> [WHAT IS BEING ASKED]:
Copy the data below exactly, omitting any picture it contains.

(Collected data entries)
□ □ □

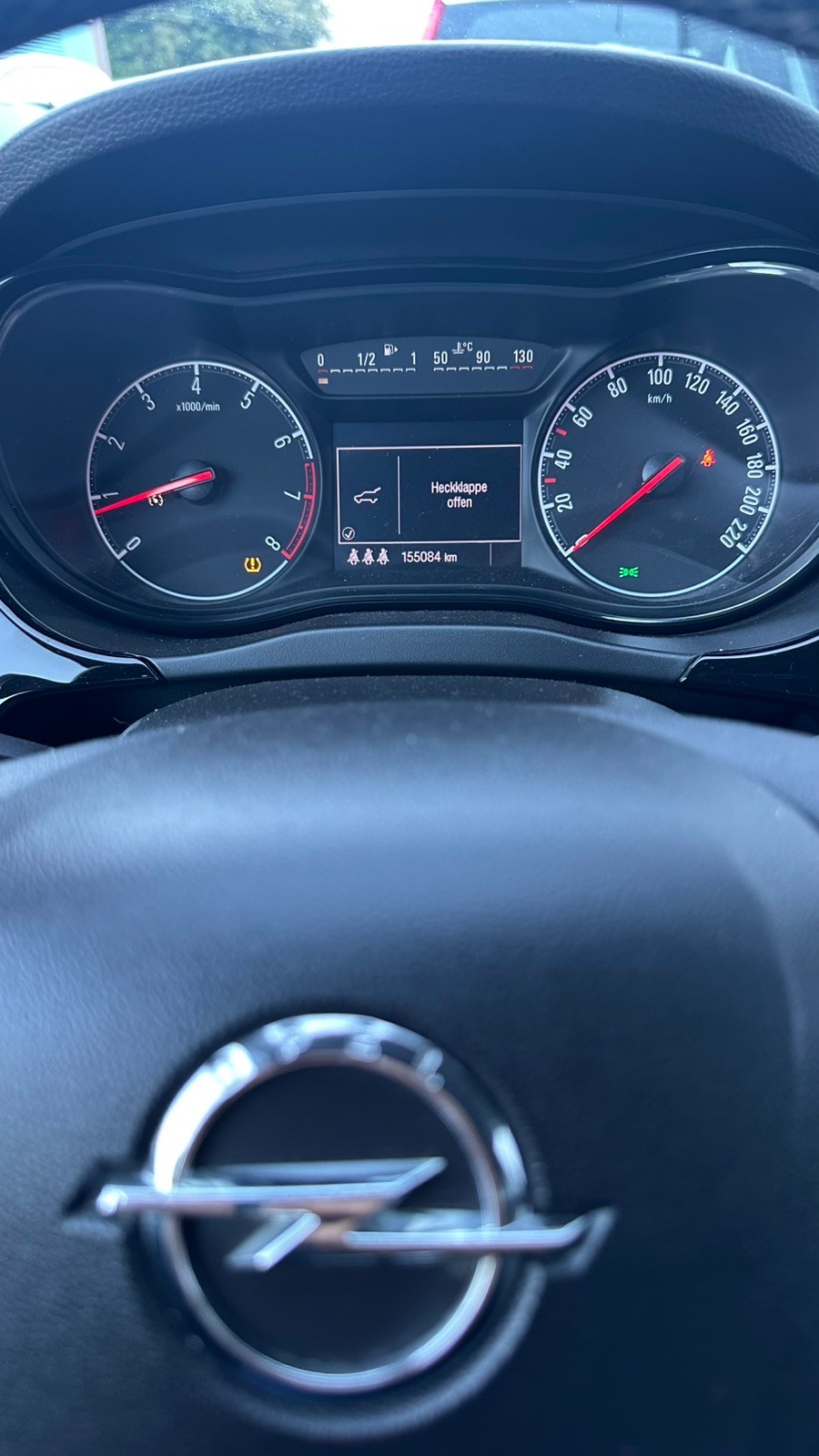 OPEL Corsa 1.4 TP Edition 90-image-9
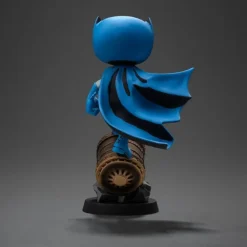 Minifigura Batman Mini Co. PVC Blue Variant 15 cm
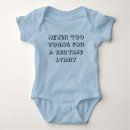 Suche nach schlafenszeit babykleidung Geschichte
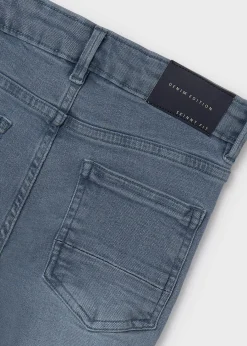 BOY Mayoral Boy Skinny Jeans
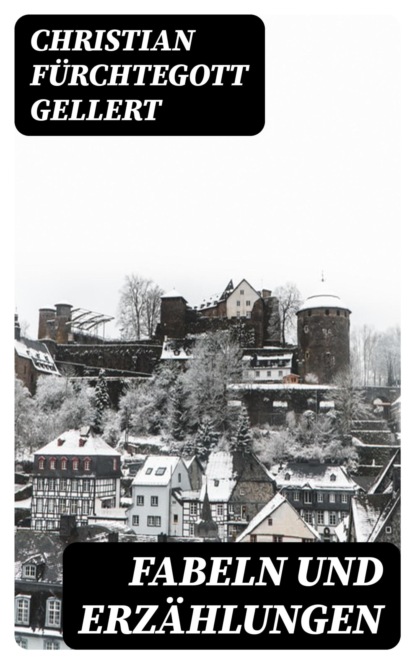 Fabeln und Erzählungen
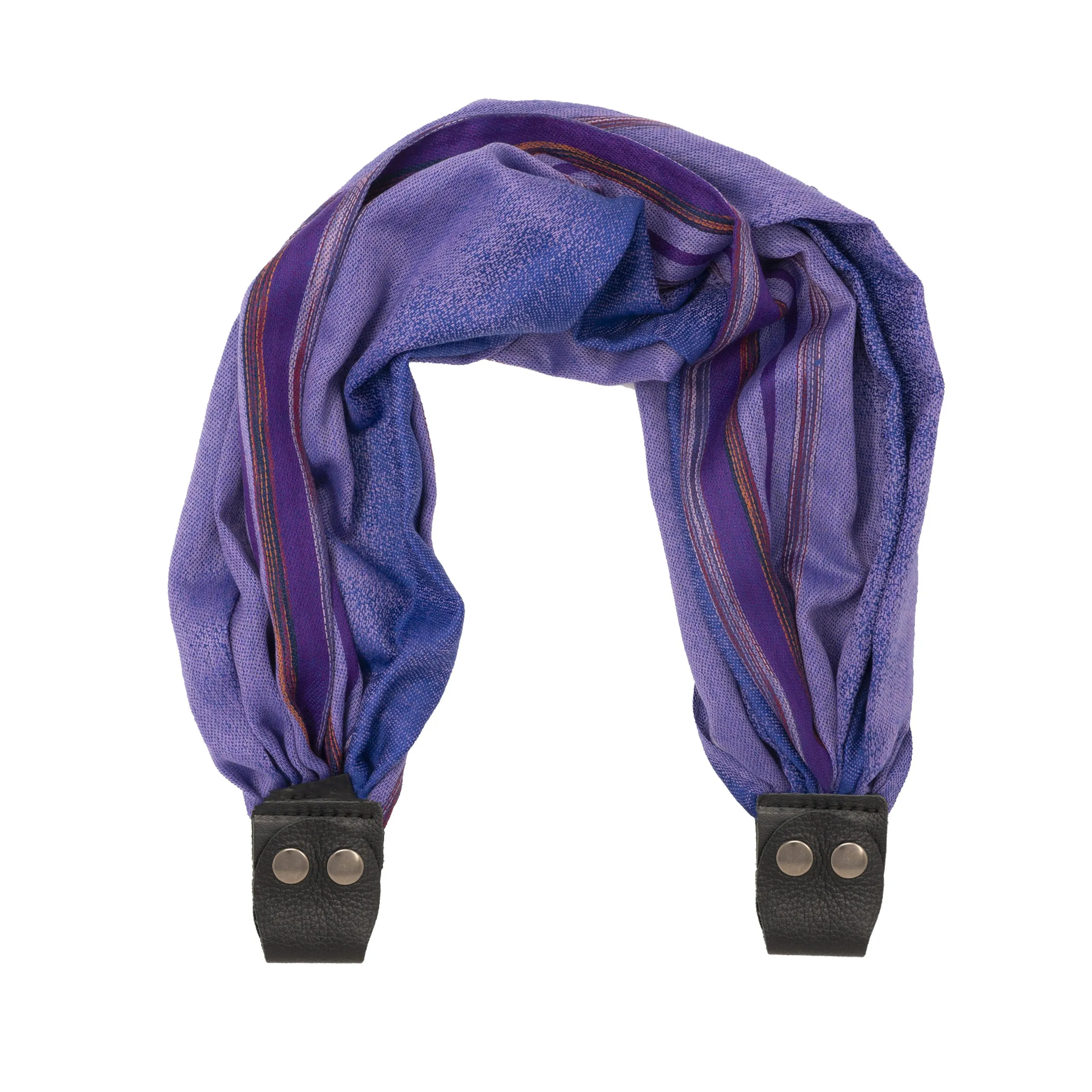 Scarf Edition - Faded Lines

□ □ □

> [ANSWER BOX]:
 OPEL Corsa 1.4 TP Edition 90-image-9
 Minifigura Batman Mini Co. PVC Blue Variant 15 cm
 Suche nach schlafenszeit babykleidung Geschichte
 BOY Mayoral Boy Skinny Jeans
 Fabeln und Erzählungen
 Scarf Edition - Faded Lines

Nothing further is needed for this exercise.